The Northwest Connect: Critical Lifelines Project Designation will serve the M-5 Marine Highway Route transporting containerised goods to and from the Alaska, Hawaii and Washington areas.
Almost $40 million in grant funding is available for the program this year, with funding from the Bipartisan Infrastructure Law and the FY 2022 Appropriations Act.
Seattle and Tacoma have long been hubs for domestic shipping between US mainland and Alaska.
The new Northwest Connect Project Designation, announced on 19 April by MARAD, will increase funding opportunities that support domestic trade between Alaska, Hawaii, and the Northwest Seaport Alliance (NWSA).
Last year, the NWSA and the Port of Alaska teamed-up to apply for the AMHP Project Designation.
Grant requests for AMHP funding are limited to organisations on a Marine Highway Route with a Project Designation. The recent focus on supply chain resiliency has led to the AMHP receiving record levels of investment by the federal government.
“Seattle and Tacoma have long been a critical link in supporting freight movement between Washington and Alaska. This project designation will enable the NWSA and our domestic shipping operators such as TOTE, Matson, and Lynden to access infrastructure funding that will support increased trade and job opportunities in our gateway,” said Don Meyer, Port of Tacoma Commission President and NWSA 2022 Co-Chair.
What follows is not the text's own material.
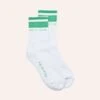 P.E Nation Homage Sock - Optic White/Kelly Green -The Sports Edit Store pe nation homage sock optic white kelly green 243a416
“The importance of resilient maritime infrastructure and a strong partnership between the Northwest Seaport Alliance and the Port of Alaska is not lost on us,” added Steve Ribuffo, Director of the Port of Alaska.
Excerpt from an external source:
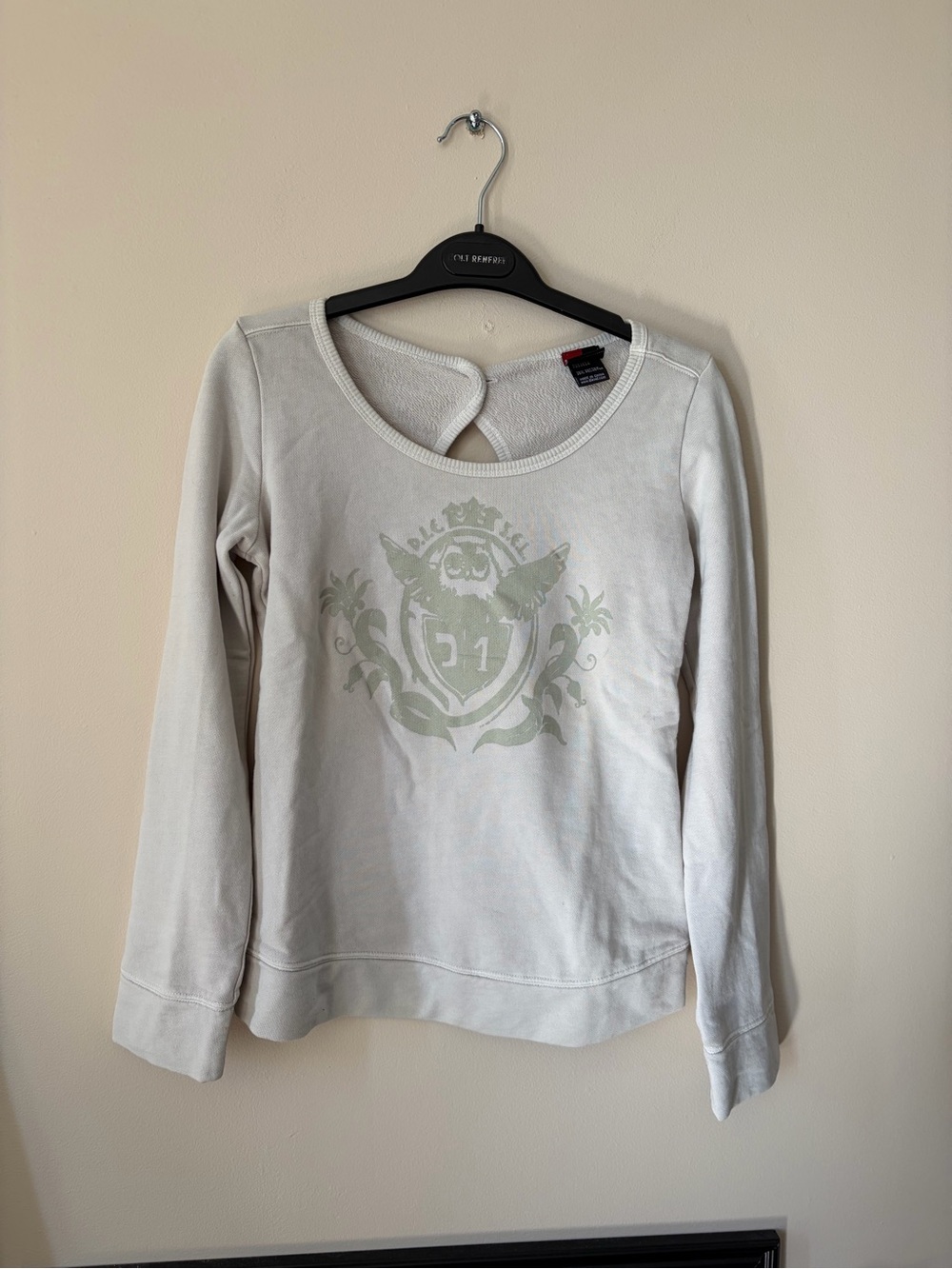 Diesel -  Women's Cream Graphic Crewneck Pullover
“As important as the survival of this supply chain is, it’s clear to us that what is good for one of us is good for the other. The creation of Northwest Connect only strengthens those bonds of cooperation between us.”
Ryan Calkins, Port of Seattle Commission President and NWSA 2022 Co-Chair, said: “By increasing critical infrastructure for cargo movement between Alaska and Hawaii, we are expanding domestic trade opportunities while also reducing air emissions.
“Utilising vessels to move goods instead of trucks or airplanes helps eliminate damaging air emissions that would otherwise impact the Pacific Northwest.
The AMHP was established in 2014 to increase the use of US navigable waterways to serve as an efficient mode of transportation that helps to relieve landside congestion and increase the productivity of our nation’s surface transportation system.
The marine highway system includes 54 designated routes which have specific access to federal funding opportunities that support the utilisation of the routes.